Holy cow. Hell must have frozen over at Huffington Post. One of the writers actually read Going Rogue…and liked it!
According to Stephen H. Dinan:
What I found is that it wasn’t really that hard, actually, simply by taking the time to meet her on her own turf rather than through sounds bites, spin, and polarized media battles. Reading someone’s personal memoir is an intimate journey into their inner sanctum, and I developed a real appreciation for Sarah in reading the book. Aspects of her that seemed coarse, simplistic, or combative during the campaign were revealed to be a product of frontier values and growing up in a culture that is faced with subzero temperatures and constant tests of survival.
What! Palin isn’t an imbecile who totes a gun to everything? A liberal grasps the thought that she acts differently because she was raised in an environment far away from the East Coast. Dinan also notes she’s not a Bible-thumping, Christian crazy:
For example, while her belief in God is deep and sincere, she wasn’t fanatical about it or dismissive of others. I found a real appreciation for the spiritual depths she went to when first faced with having a Down’s syndrome child. Her ultimate celebration of the beauty and perfection of that child, a child that 90% of people would have aborted according to statistics, was profoundly moving and it led hundreds of thousands of special needs children to feel championed through her campaign.
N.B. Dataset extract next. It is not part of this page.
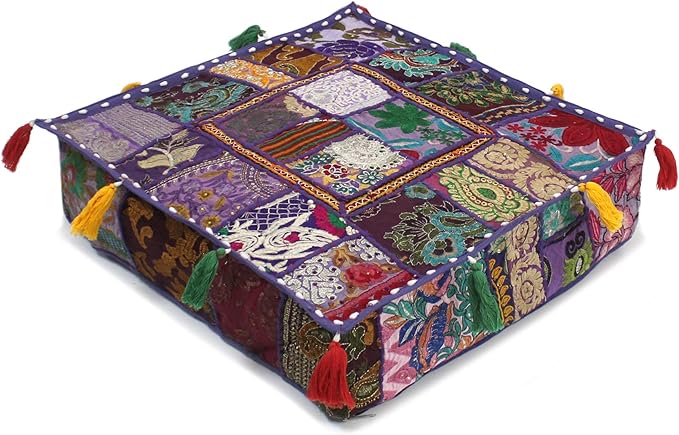 Mam Treasures Indian Bohemian Decorative Pillow Vintage Cushion Cover Patchwork Square Floor Pillow Cover Meditation Cushion Large Floor Pillow Indian Cushion (Purple, 22 X 22 X 5 Inch)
Perhaps if bi-coastal, urban liberals took a few minutes to actually talk to a Christian, they’d discover that most of are like this. Most Believers are genuine people who are facing their own struggles. Very few people are like the parodies that the left and media believe. Perhaps more leftist assumptions are wrong:
On other fronts, her pro-development views on energy and oil did not exclude a deep love for the environment and even an appreciation for alternative energy and reducing our carbon footprint. She wrote in moving terms about her husband’s indigenous ancestry and connection with the natural world, as well as the devastation wrought by the Exxon Valdez spill. Despite being pro-business she was heroically willing to face down the oil industry when it was corrupting the government of Alaska, a kind of bravery we need more of on both sides of the aisle.
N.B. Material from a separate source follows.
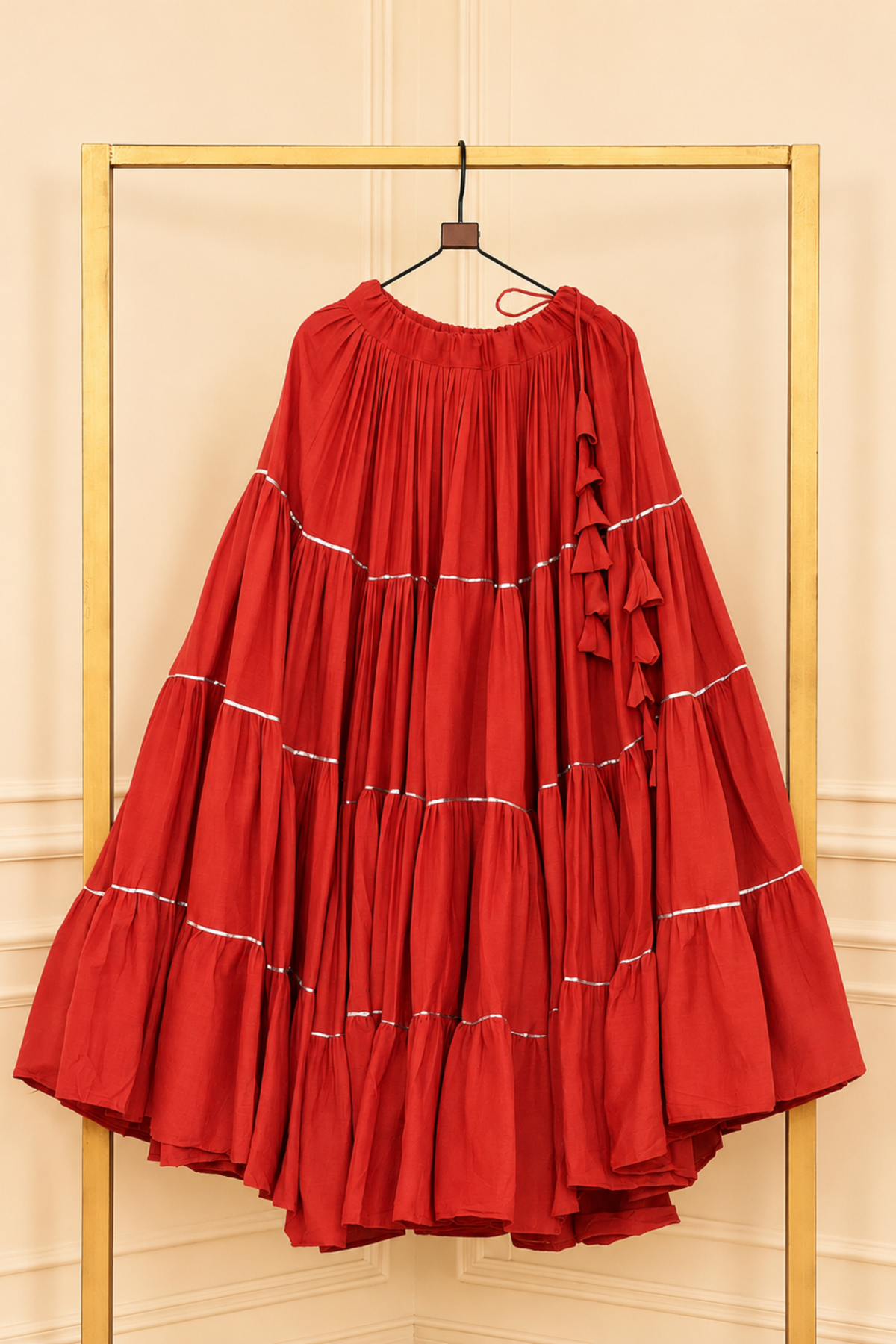 Women's Designer Flared Skirt with Ruffle Detail | Ethnic Festive Wear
OMG! It’s possible to be pro-environment and pro-business? Seriously. Where do liberals get their talking points. Its as if they take The Colbert Report at absolute face value and don’t try to get past the satire of what most conservatives represent. Diden also gets an angle that most members of media failed to see:
In reading the book, I started to see a lot more of myself and my upbringing in Sarah. I too had grown up in a frozen land – Northern Minnesota – a place of unpretentious, middle-class, hardworking people who believe in personal responsibility and straight-talking integrity. We, too, had our sled dog races, subzero temperatures and a spirit of camaraderie to make it through. I began to see her political values as a natural extension of those tough-minded virtues, enabling her to take on daunting tasks and succeed at each level of life.
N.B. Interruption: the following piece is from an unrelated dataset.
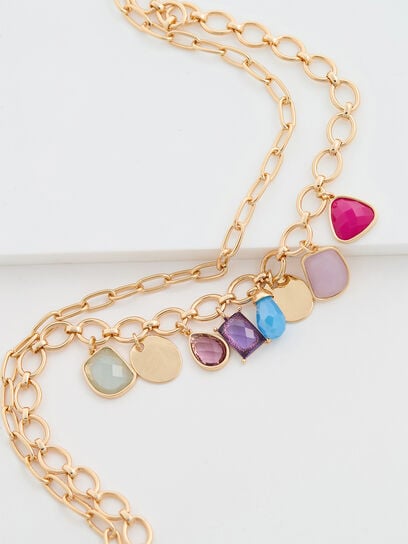 Double Layer Short Necklace with Gold/Multi Charms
This is perhaps the most telling paragraph. Not many people are willing to admit having a middle class background. I think that the urban elite vs. middle class difference is the biggest division in our country. Something happens to people when they live in big cities. The urbanites just can’t understand that to Middle America, our political views result from how policies should be practically implemented, not some philosophical rationale written by a bureaucrat or academic. Dinan also realized that SNL is probably not the best place to learn about a politician:
Reading Going Rogue makes me understand that Sarah is not the ruthlessly ambitious and cutthroat caricature we feared; she is a woman who has befriended Democrats personally and professionally, shown real leadership in fighting corruption, and taken a more nuanced position on several issues in which she seemed far more polarizing. She seems quite sincere in her desire to serve in whatever way the universe calls for that service.
Again, hell must be freezing. You mean Sarah Palin isn’t that superficial characterization from SNL? Sarah Palin doesn’t equal Tina Fey? Say it ain’t so.
Is it too much to ask that liberals understand that a person usually has more depth and character than portrayed in the media? Sadly, the McCain campaign made some mistakes and allowed the SNL frame to represent Palin. But did people really believe that’s how she is? Seriously?
I enjoy satire, but the images created by outlets like SNL, Jon Stewart and Stephen Colbert are meant to entertain. They don’t adequetely represent the position or person. If Dinan is correct, liberals are lot more stupid than the most redneck Wal-mart shopper.
Dinan closes his column with a call to action:
I come away from reading Going Rogue feeling that it would be a useful act of citizenship for all those who feel prejudice towards her to read her book and meet her on her own turf in order to heal the lingering prejudices. I feel more balanced for having done so. I would also urge conservatives who hate or fear Obama to read his autobiography to better understand the man behind the political leader and thus heal their own biases.